This richly illustrated report offers a scientific synthesis of the current state of oasis agriculture and livestock farming in the al-‘Ulā region of Saudi Arabia.

Based on the al-‘Ulā Anthropological Survey (al-‘Ulā AS) project, this report provides an overview of agriculture in the al-‘Ulā oasis, addressing its multiple dimensions, including agricultural, agronomic, social, and economic aspects. These interrelated dimensions shape practices, production systems, and their impacts on societies and territories.

The report draws on data collected by the CNRS research project al-‘Ulā Anthropological Survey (2019–2024), with a particular focus on agronomic data gathered by Élise Gaury (CNRS engineer) from a targeted sample of farms, as well as the long-term ethnographic research conducted throughout al-‘Ulā society.

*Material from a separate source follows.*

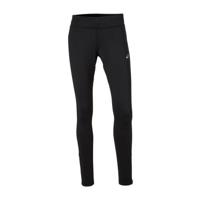 ASICS hardlooplegging zwart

Saudi Arabia has undergone several major waves of change. Oil exploitation and the redistribution of part of this wealth in the 1980s were at the heart of a wave that profoundly transformed Saudi lifestyles, including their relationship to land and labor. These changes disrupted the oasis agriculture of the al-‘Ulā region, where the income from agro-pastoral activities, once the sole source of subsistence, now appears to have become secondary in family income, although they are far from negligible.

This fieldwork highlights the coexistence of several oasis agricultural production systems in al-‘Ulā. Their analysis reveals how oasis agriculture currently contributes to the economic reproduction of domestic groups and oasis society as a whole. Using a systemic methodology developed over the course of the research, this study examines the combination of cropping systems at the production unit level. It identifies six production systems divided into three categories: low-diversification agricultural units, high-diversification units, and capital-intensive units.

Case studies in the report illustrate the profitability of each system, distinguishing between social-function systems, whose financial gross margins contribute to but do not fully sustain domestic group reproduction, and socio-economic-function systems, whose profits suffice for the reproduction of domestic groups.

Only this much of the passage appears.